Così, Uliassi, Crippa e Alajmo hanno semplicemente continuato a tenere l’asticella alta in uno scenario mondiale in cui contano di più altri fattori, dove i sudamericani rappresentano maggiormente il genius loci internazionale e gli spagnoli vengono percepiti come gli ultimi veri rivoluzionari, ad ogni anno gli italiani mostrano di esserci con qualche individualità ma per nulla come movimento, appunto messo ulteriormente in crisi dalle discussioni sul ritorno alla cucina di trattoria e alle ricette ancestrali che ancora non è chiaro quali siano.

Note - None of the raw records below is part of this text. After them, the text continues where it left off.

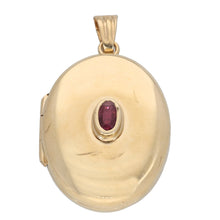 Load image into Gallery viewer, 9ct Gold Ruby Plain Locket Pendant

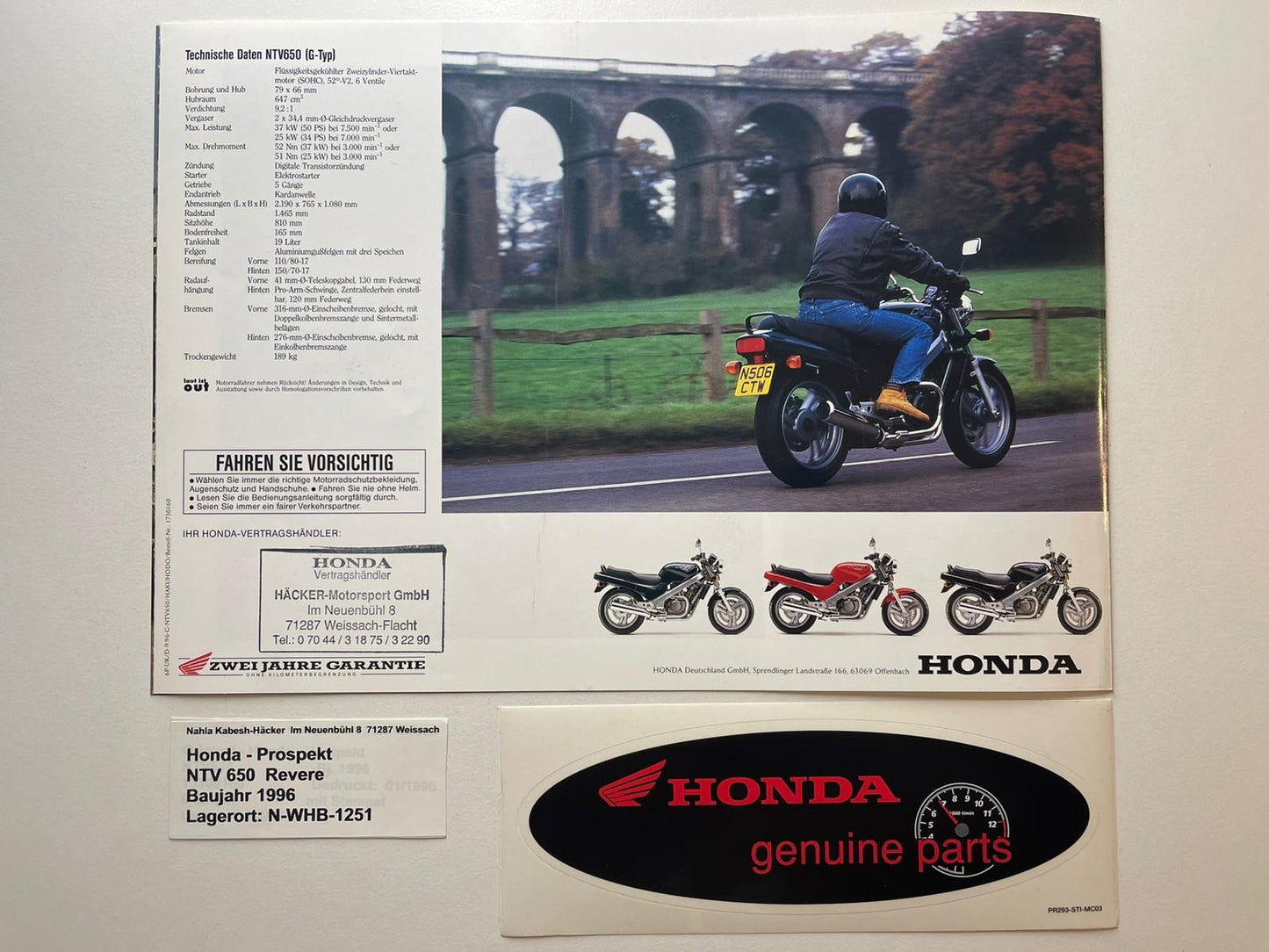 Prospekt Honda NTV650 NTV 650 Revere Baujahr 1996 + Aufkleber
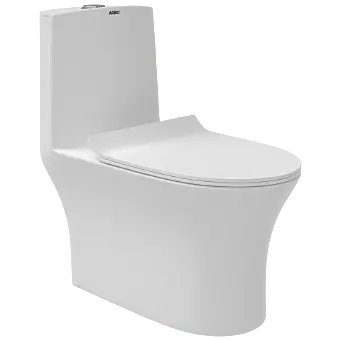 OPC-21211PP Prime Siphonic One Piece Closet S Trap (9" Inch) With Soft Close Seat Cover With Hinges, Fixing Accessories Set and Accessories Set, Cistern Fittings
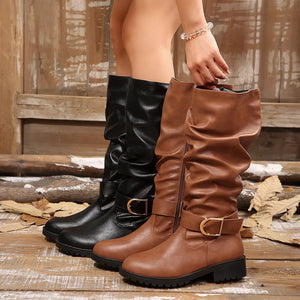 Slouchy Mid-Calf Boots with Buckle Detail
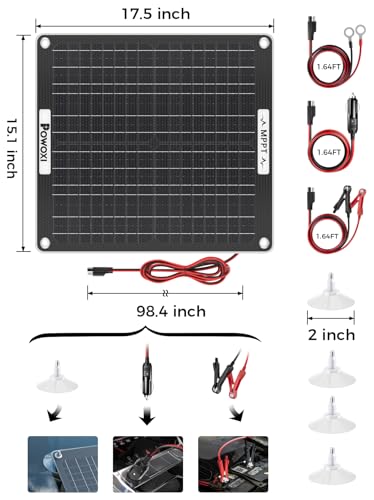 POWOXI MPPT 30W 12V Solar Car Battery Trickle Charger & Maintainer ETFE | Waterproof Flexible Solar Panel Kit | Prevents Overcharging with Smart Controller | Fits 12V Batteries for Boats, RVs & More - size: 30W-MPPT Pro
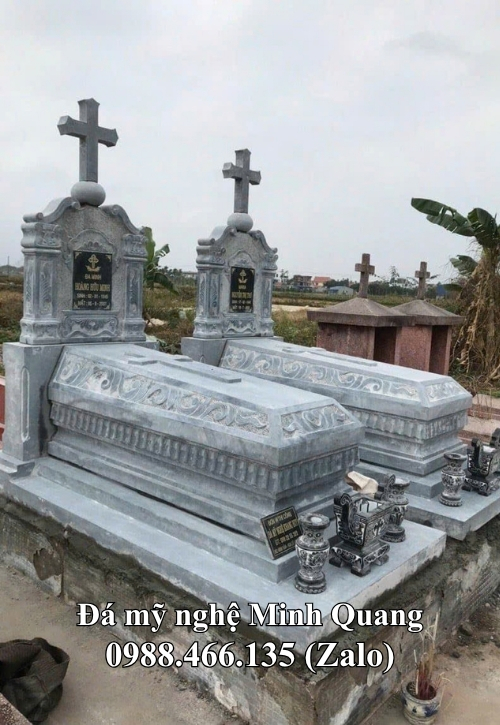 Mẫu Mộ Đá Công Giáo xuất xưởng - Đá Mỹ Nghệ Minh Quang
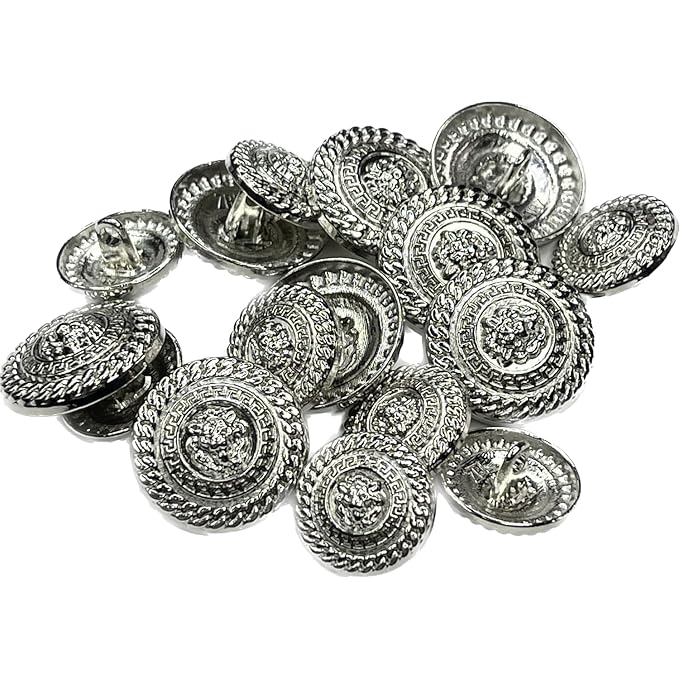 3D Lion Silver Metal Shank Button Square Shape for Coat Blazer Suit, Sherwani, and Bandhgala Indian Dresses Sports Coat Uniform Jacket (Pack of 16, Shining Silver)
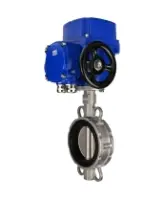 Затвор дисковый поворотный DN.ru WBV3131V-2W-Fb-H Ду125 Ру16 межфланцевый, корпус - нержавеющая сталь 304, диск - нержавеющая сталь 304, уплотнение - VITON, с электроприводом QT-N-015M-O2-220VAC-У1 с моментной муфтой и штурвалом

Infine, non facciamo peccato se rileviamo che coloro i quali ascendono sono tutti rappresentati o in qualche modo seguiti dalle stesse agenzie di p.r. che comunicano il prodotto nel modo più “cool” possibile, confezionando il prodotto in modo da essere più appetito dalla comunità internazionale di cui sopra. Anche qui, se non ci si avvede dell’assoluta necessità di comunicarsi in maniera vincente, non si percorre la strada lastricata d’oro. Il nostro leader all’estero, Massimo Bottura, l’ha compreso molti anni addietro e, infatti, resta il nostro chef più rappresentativo anche se la 50 Best l’ha inserito nella Hall of Fame.